» **Available data**:

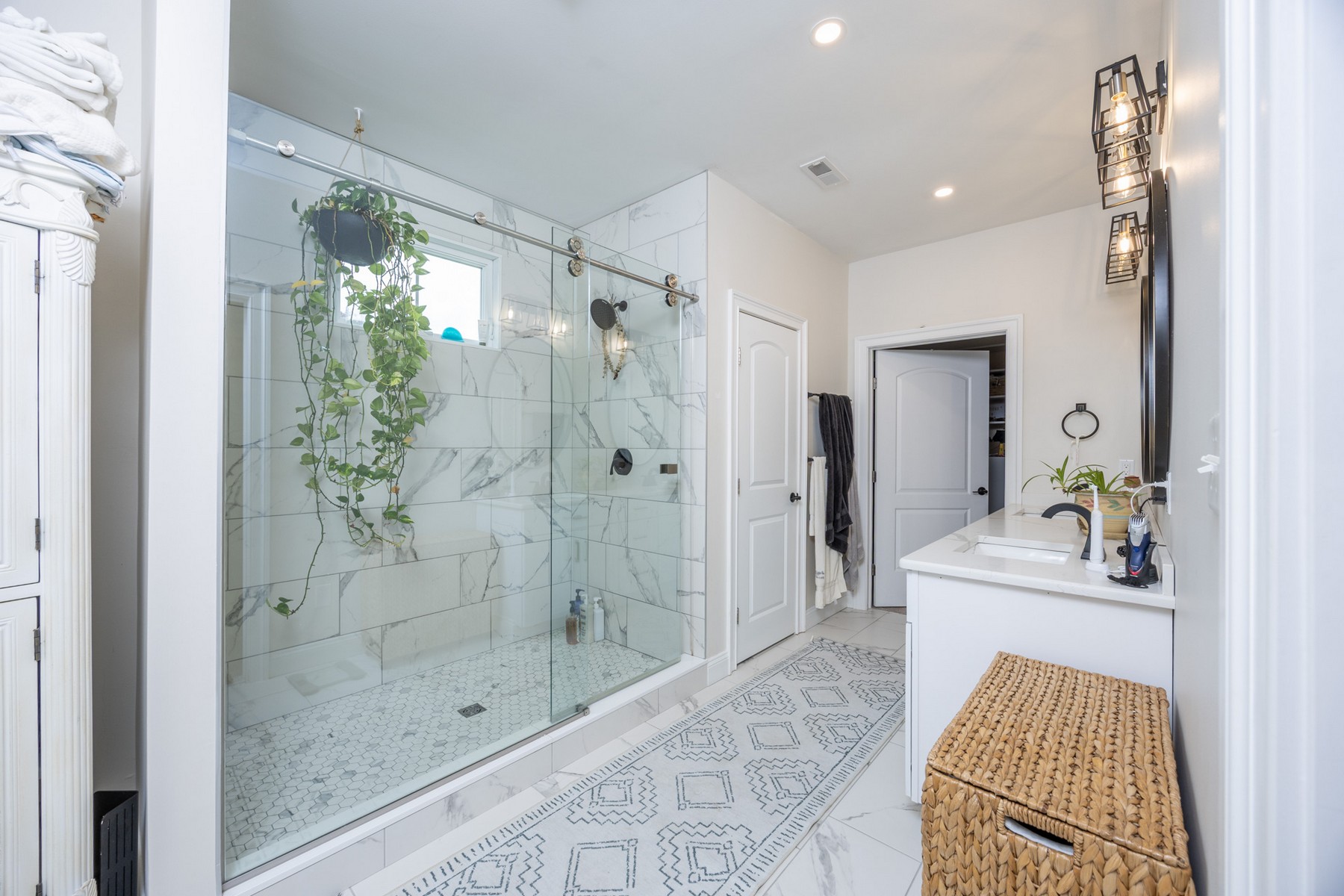  28 Queen Anne Court - 物件實景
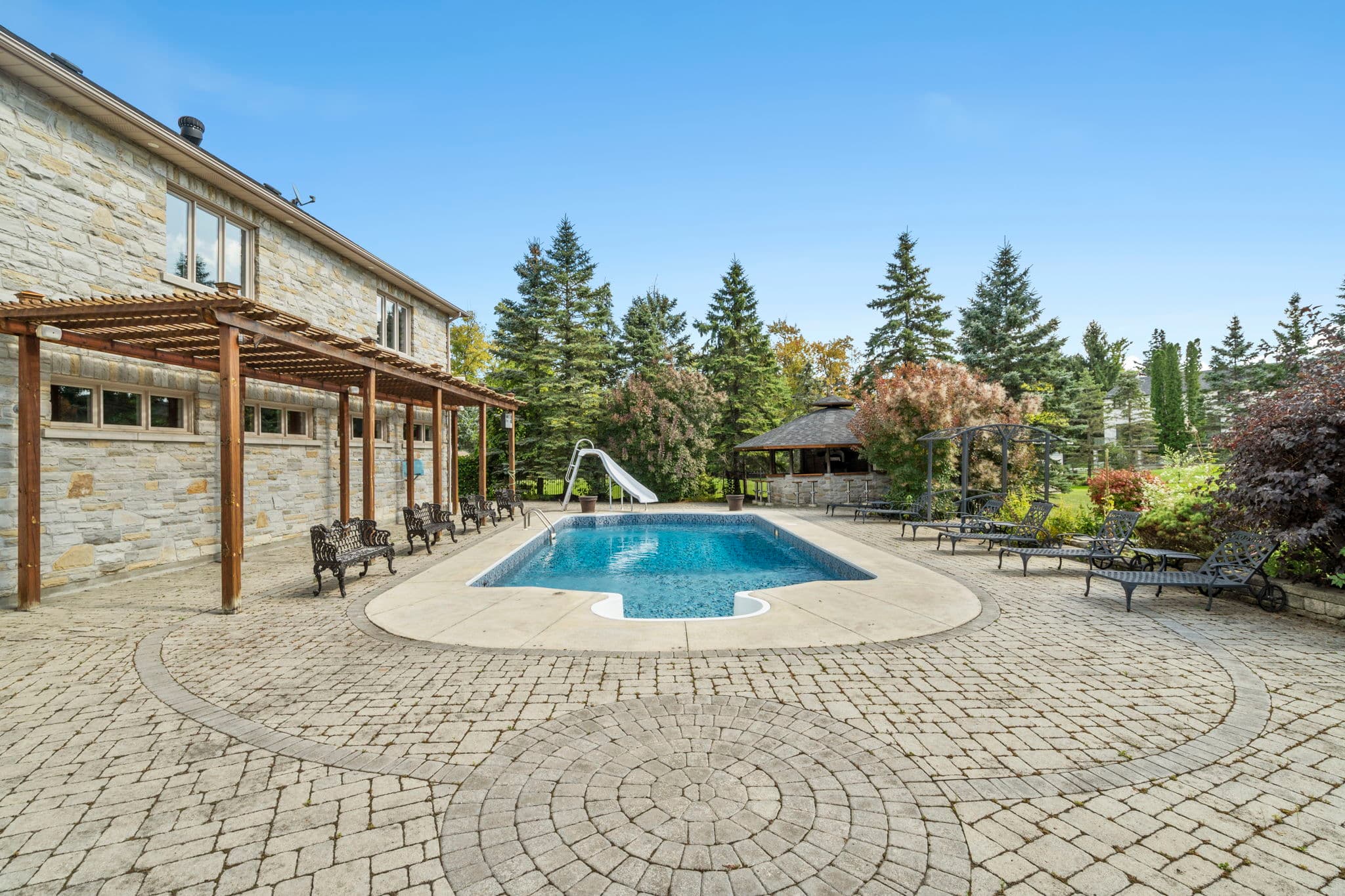 187 Mattucci Ct Vaughan, ON L4L 8Z1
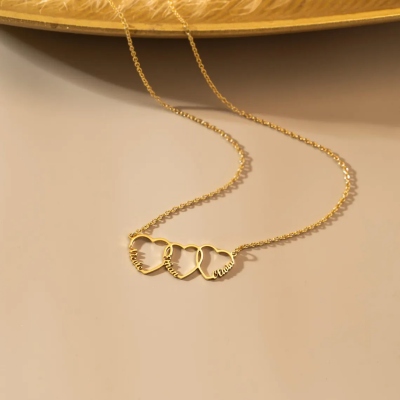 Personligt halsband med sammanlänkade hjärtan och 1-4 namn, minimalistiskt halsband med flera hjärtformade berlocker, födelsedags-/morsdagspresent till henne/mamma/mormor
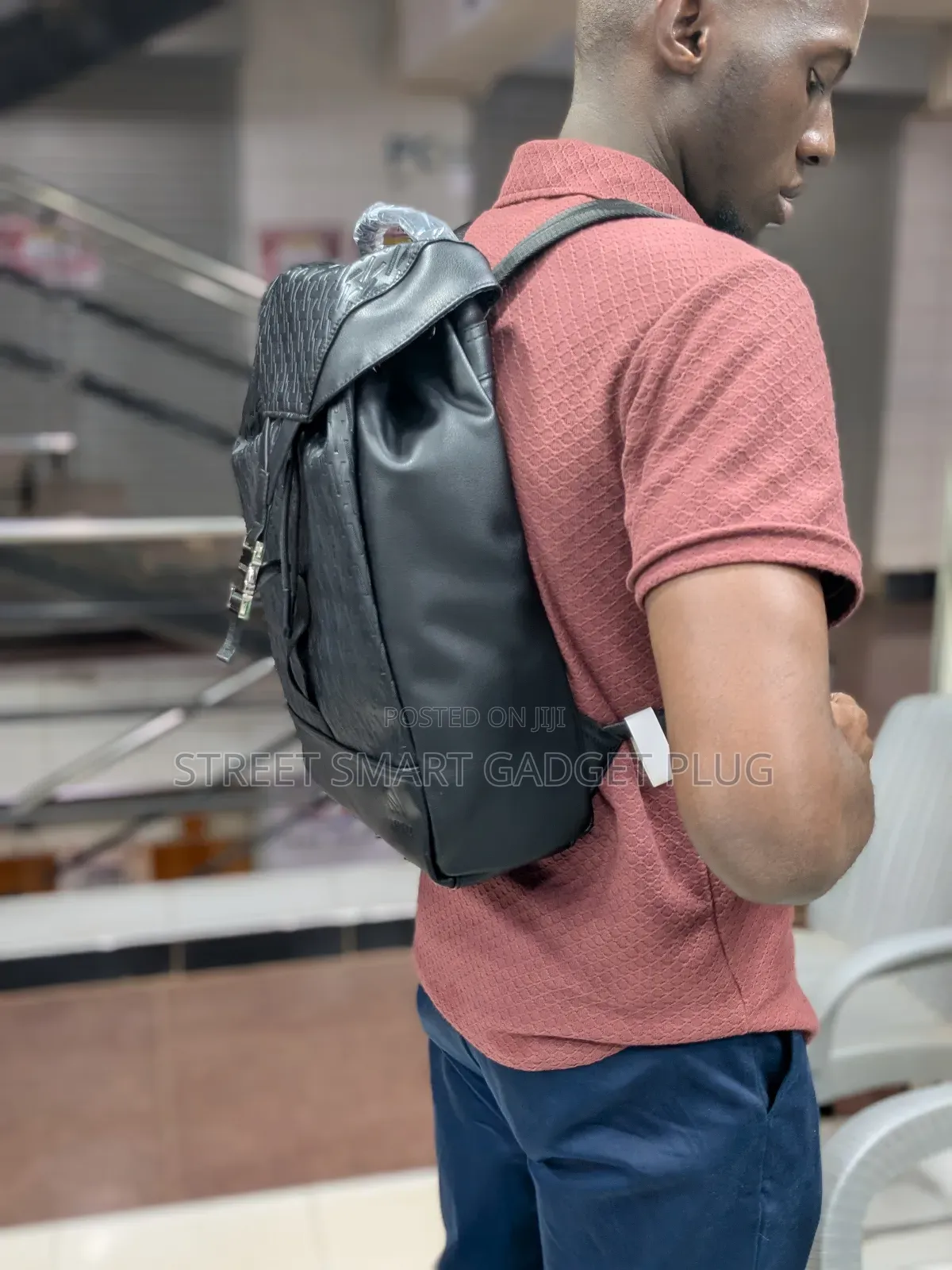 Levelo Envol 16inches Leather Backpack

» **What you have to do**:
Copy the listing character for character, pictures omitted.

» **Solution to this problem**:
  28 Queen Anne Court - 物件實景
 187 Mattucci Ct Vaughan, ON L4L 8Z1
 Personligt halsband med sammanlänkade hjärtan och 1-4 namn, minimalistiskt halsband med flera hjärtformade berlocker, födelsedags-/morsdagspresent till henne/mamma/mormor
 Levelo Envol 16inches Leather Backpack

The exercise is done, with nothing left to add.